Identify all lines of the data containing the string "Bridal" and copy them.
- Opening Delimiter -
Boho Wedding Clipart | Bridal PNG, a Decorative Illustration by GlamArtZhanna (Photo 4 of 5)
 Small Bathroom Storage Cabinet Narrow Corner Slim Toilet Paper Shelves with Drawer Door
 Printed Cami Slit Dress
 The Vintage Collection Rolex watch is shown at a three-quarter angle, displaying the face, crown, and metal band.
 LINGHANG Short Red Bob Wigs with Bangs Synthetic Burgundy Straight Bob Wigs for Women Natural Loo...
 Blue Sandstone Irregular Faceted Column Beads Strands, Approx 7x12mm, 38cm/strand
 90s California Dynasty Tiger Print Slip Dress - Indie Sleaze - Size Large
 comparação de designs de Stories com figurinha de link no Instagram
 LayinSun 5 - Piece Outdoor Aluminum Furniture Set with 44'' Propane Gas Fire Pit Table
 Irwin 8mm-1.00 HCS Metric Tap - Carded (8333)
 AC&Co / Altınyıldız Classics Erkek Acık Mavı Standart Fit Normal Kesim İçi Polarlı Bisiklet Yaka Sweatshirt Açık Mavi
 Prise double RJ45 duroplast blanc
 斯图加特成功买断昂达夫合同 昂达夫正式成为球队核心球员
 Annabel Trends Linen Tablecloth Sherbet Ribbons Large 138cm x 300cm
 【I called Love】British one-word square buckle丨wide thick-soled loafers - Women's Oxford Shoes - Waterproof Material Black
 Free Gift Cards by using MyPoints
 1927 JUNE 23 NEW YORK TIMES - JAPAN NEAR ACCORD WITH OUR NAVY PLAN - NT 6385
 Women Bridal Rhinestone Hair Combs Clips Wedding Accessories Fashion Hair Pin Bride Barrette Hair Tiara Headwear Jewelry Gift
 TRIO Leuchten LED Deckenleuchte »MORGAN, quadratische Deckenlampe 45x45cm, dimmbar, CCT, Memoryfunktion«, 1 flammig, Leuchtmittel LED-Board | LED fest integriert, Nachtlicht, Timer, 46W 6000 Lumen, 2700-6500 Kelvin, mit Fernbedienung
- Closing Delimiter -
### Result of the task
Boho Wedding Clipart | Bridal PNG, a Decorative Illustration by GlamArtZhanna (Photo 4 of 5)
 Women Bridal Rhinestone Hair Combs Clips Wedding Accessories Fashion Hair Pin Bride Barrette Hair Tiara Headwear Jewelry Gift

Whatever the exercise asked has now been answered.